CAPÍTULO XV
DE LAS COSAS POR LAS QUE LOS HOMBRES, Y ESPECIALMENTE LOS PRÍNCIPES, SON ALABADOS O CENSURADOS
Conviene ahora ver cómo debe conducirse un príncipe con sus amigos y con sus súbditos. Muchos escribieron ya sobre esto, y, al tratarlo yo con posterioridad, no incurriré en defecto de presunción, pues no hablaré más que con arreglo a lo que sobre esto dijeron ellos. Siendo mi fin hacer indicaciones útiles para quienes las comprendan, he tenido por más conducente a este fin seguir en el asunto la verdad real, y no los desvaríos de la imaginación, porque muchos concibieron repúblicas y principados, que jamás vieron, y que sólo existían en su fantasía acalorada. Hay tanta distancia entre saber cómo viven los hombres, y cómo debieran vivir, que el que para gobernarlos aprende el estudio de lo que se hace, para deducir lo que sería más noble y más justo hacer, aprende más a crear su ruina que a reservarse de ella, puesto que un príncipe que a toda costa quiere ser bueno, cuando de hecho está rodeado de gentes que no lo son no puede menos que caminar hacia un desastre. Por en e, es necesario que un príncipe que desee mantenerse en su reino, aprenda a no ser bueno en ciertos casos, y a servirse o no servirse de su bondad, según que las circunstancias lo exijan.
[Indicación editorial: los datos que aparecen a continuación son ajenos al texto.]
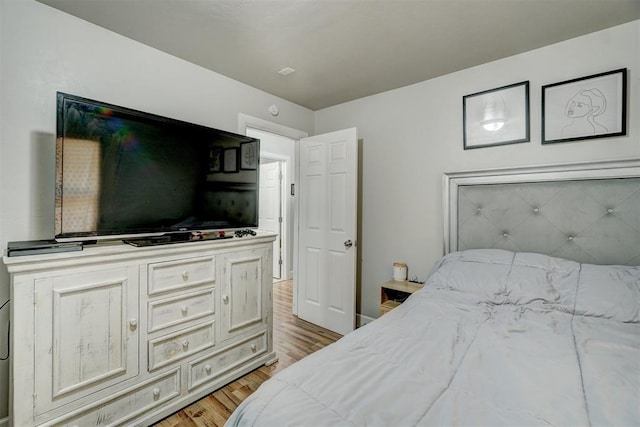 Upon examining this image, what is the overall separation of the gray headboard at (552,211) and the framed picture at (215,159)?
1.91 m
Dejando, pues, a un lado las utopías en lo concerniente a los Estados, y no tratando más que de las cosas verdaderas y efectivas, digo que cuantos hombres atraen la atención de sus prójimos, y muy especialmente los príncipes, por hallarse colocados a mayor altura que los demás, se distinguen por determinadas prendas personales, que provocan la alabanza o la censura. Uno es mirado como liberal y otro como miserable, en lo que me sirvo de una expresión toscana, en vez de emplear la palabra avaro, dado que en nuestra lengua un avaro es también el que tira a enriquecerse con rapiñas, mientras que llamamos miserable únicamente a aquel que se abstiene de hacer uso de lo que posee. Y para continuar mi enumeración añado: uno se reputa como generoso, y otro tiene fama de rapaz; uno pasa por cruel, y otro por compasivo; uno por carecer de lealtad, y otro por ser fiel a sus promesas; uno por afeminado y pusilánime, y otro por valeroso y feroz; uno por humano, y otro por soberbio; uno por casto, y otro por lascivo; uno por dulce y flexible, y otro por duro e intolerable; uno por grave, y otro por ligero; uno por creyente y religioso, y otro por incrédulo e impío, etc.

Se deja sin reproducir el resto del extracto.